Course Content Summary

Misunderstanding on Characteristics

  • Do not forget value!

  • Velocity is about processing

    • not the speed of generation, but the speed of processing

    • determined by the demand

  • Veracity is only relevant to low-quality data

    • More of a concern than a characteristic

    • Focus on low-quality data

    • Weird to say “high veracity data”

Misunderstanding on Data Volume

  • Consider effective data volume

    • not all data needs to be processed

      • irrelevant data can be skipped

      • job can be done with only a subset of data

    • not all data needs to be processed together

      • results do not require a global view of the data

  • Data volume changes after each stage

    • big raw -> big processed -> big model (deep learning)

      • every stage needs a big data tool

    • big raw -> small processed -> small model (traditional ML, statistical models, visualization)

      • only the first stage needs a big data tool

    • Small raw -> small processed -> small model (when the result is needed in a short time)

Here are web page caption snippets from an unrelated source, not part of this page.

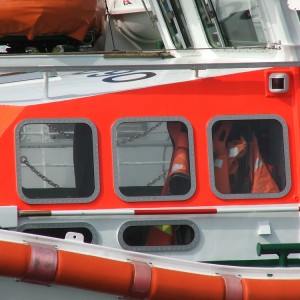 SRB Elli Hoffmann-Röser auf Baltrum, 2005.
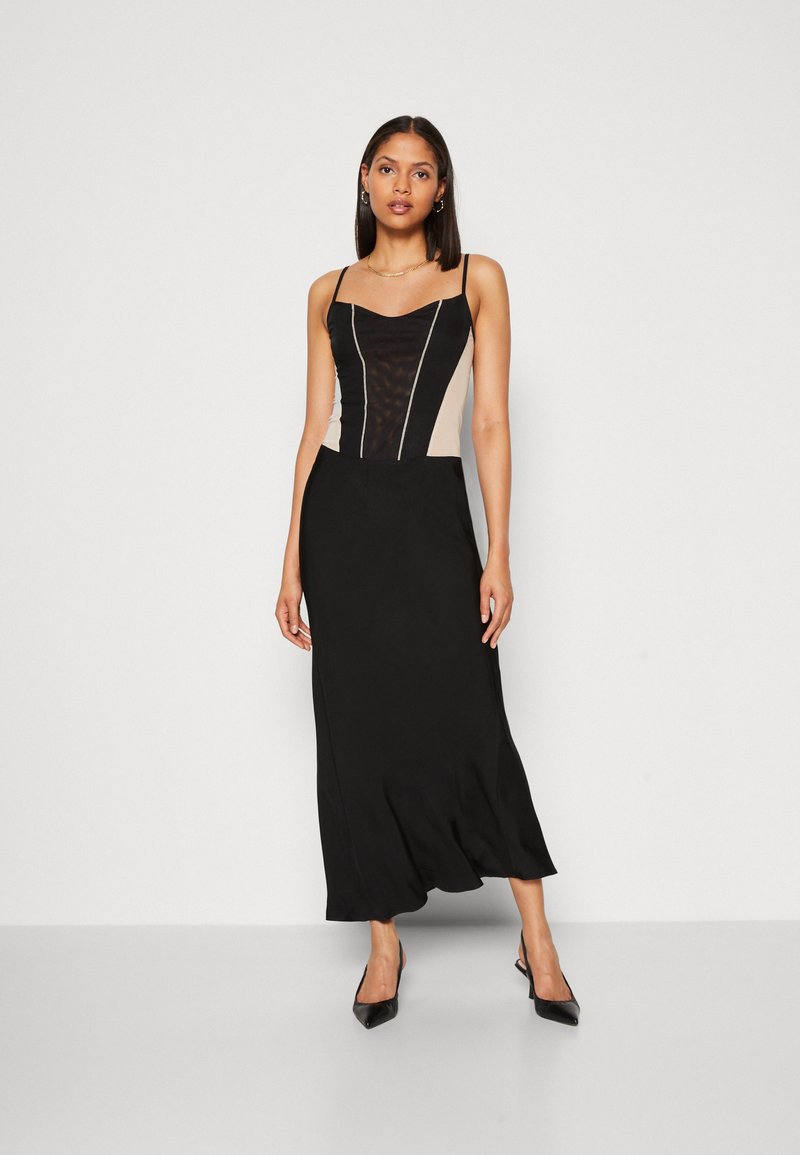 Bec + Bridge CORSET MAXI DRESS Occasion wear black Zalando.ie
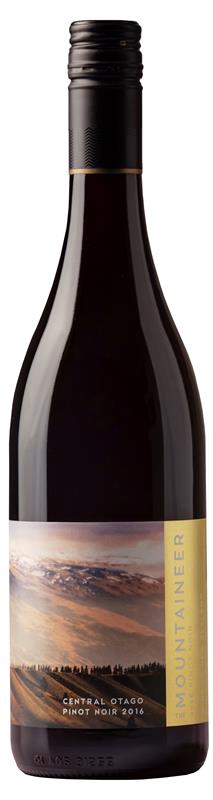 Mount Michael 'The Mountaineer' Single Vineyard Central Otago Pinot Noir 2016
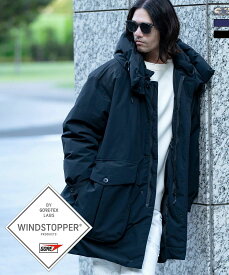 +phenix(プラスフェニックス)GORE DOWN CARGO COAT／プラスフェニックス（plus phenix）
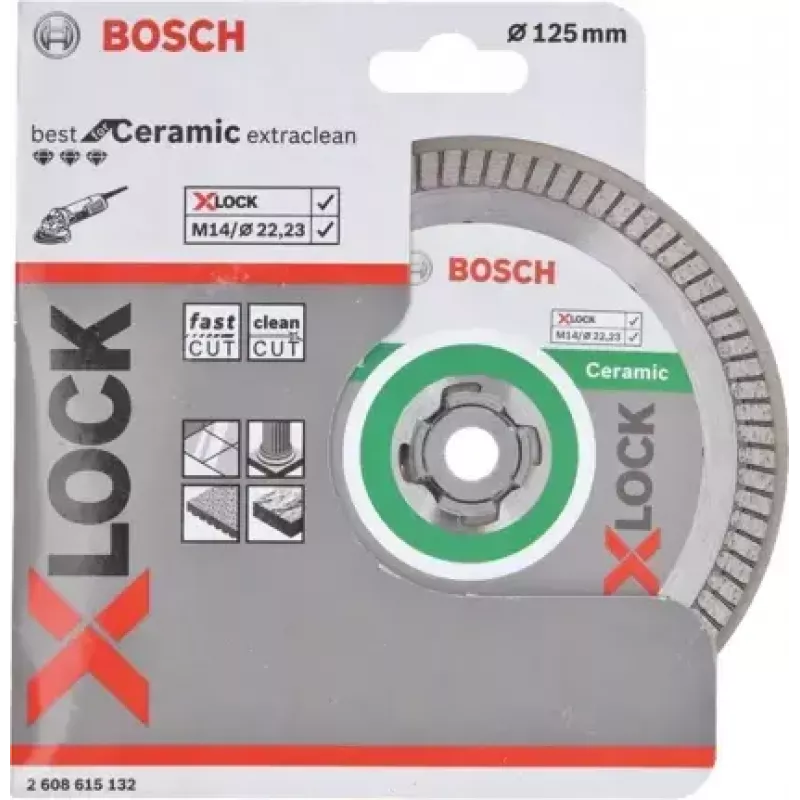 Akcesorium do szlifierki kątowej Bosch 2 608 615 132 Tarcza tnąca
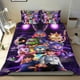 thumbnail image 1 of Cinco Noches en Freddy's Conjunto de sábanas temático, trío de piezas, cómodo y amigable con la piel, diseño único, regalo de decoración para el hogar para familiares, amigos y fans, 90 cm * 190 cm, 1 of 6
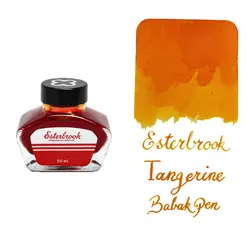 جوهر خودنویس استربروک نارنگی Esterbrook tangerine - نوشت افزار بابک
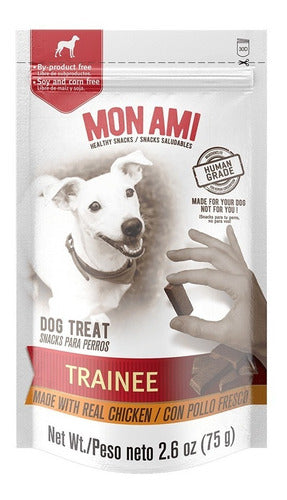 Mon Ami Golosinas Perros Snack Saludable Trainee 400gr 0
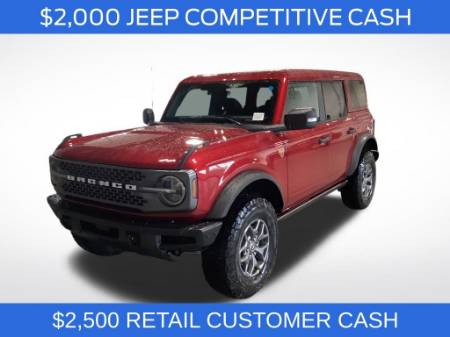 2025 Ford Bronco Badlands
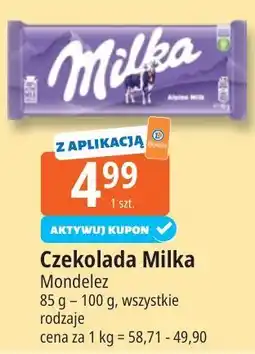 E.Leclerc Czekolada Milka oferta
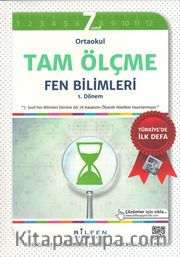 7. Sınıf Ortaokul Tam Ölçme Fen ve Teknoloji 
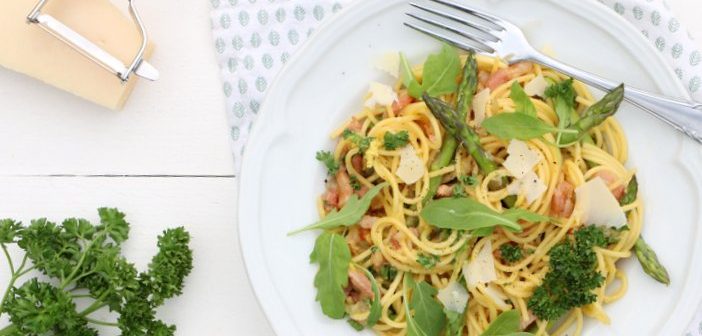 spaghetti carbonara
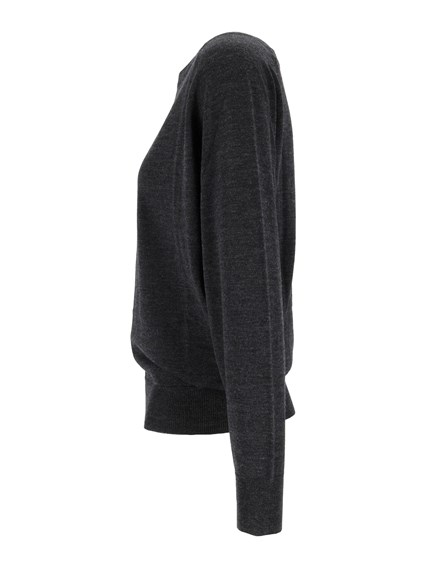 MC2 SAINT BARTH NATY MERINO-15G CHARCOAL
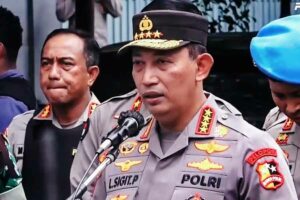 Kapolri Listyo Sigit Prabowo Mutasi 7 Kapolres di Lingkungan Polda Sulawesi Selatan
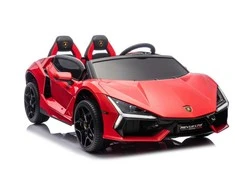Triton Elektromobilis Lamborghini Revuelto XL, Raudona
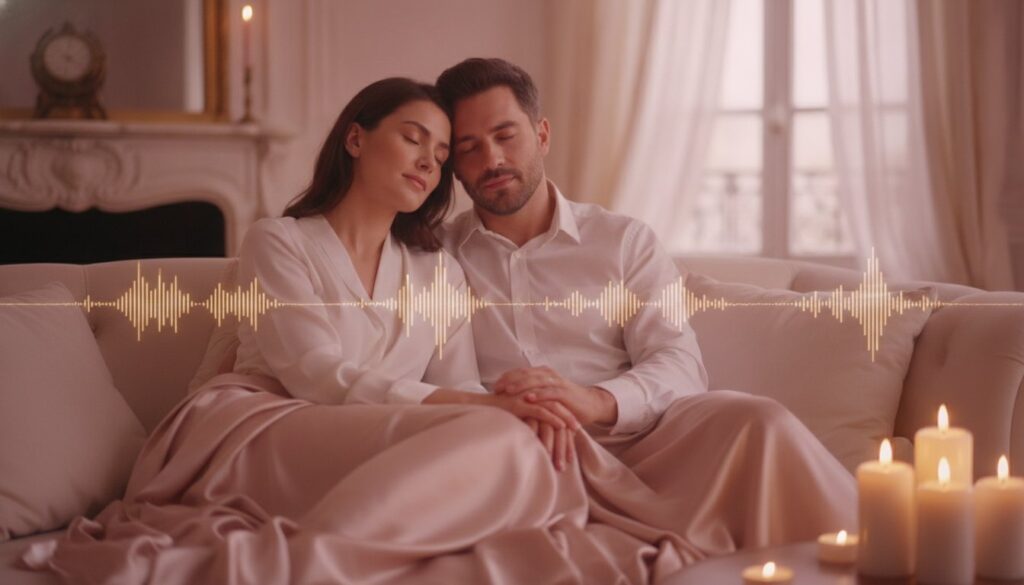 Fréquence 528 Hz en couple : les bienfaits insoupçonnés de l’amour vibratoire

      • no big data tool needed

  • Data size pitfalls

    • Many companies have huge amount of historical data. Most of their applications only need to access a small portion of the data. They are not big data applications.

    • Using a model pre-trained on a huge dataset does not mean you are dealing with big data. You may only be using the model to process a small dataset in your application, which only need a single computer or even a cell phone.

    • A car company may have a huge amount of data generated by sensors in the many of their cars. Most of the sensor data is only processed locally on the car itself to make some decisions. It is not big data. However, if you application must aggregate all the sensor data from all the cars to make a global decision, then it is big data.

Dataset Types Determines Choice of Tools

  • Structured, semi-structured, unstructured types

    Dataset Type

    Storage

    Processing

    Example

    Structured

    NoSQL

    Spark SQL

    RDBMS exports, Excel

    Semi-structured

    NoSQL, DFS, Object Store

    Spark RDD, etc

    JSON, XML

    Unstructured

    DFS, Object Store

    MapReduce, Spark RDD

    Text corpus, binary files

  • Binary files are usually unstructured

    • Multimedia: Image, video, audio

    • Deep learning model, Machine learning model

    • Exception

      • some binary files that has an intrinsic structure

      • some binary files are used as a blob field in a structured dataset

  • Decide which tool to use

    • Match data volume in each stage!

    • Match data types

    • Match special demands

      • Real-time

      • Data quality control

    • Match budget

      • Nothing is free! Always consider cost.

      • No demand means waste of money.

      • Never imagine demands.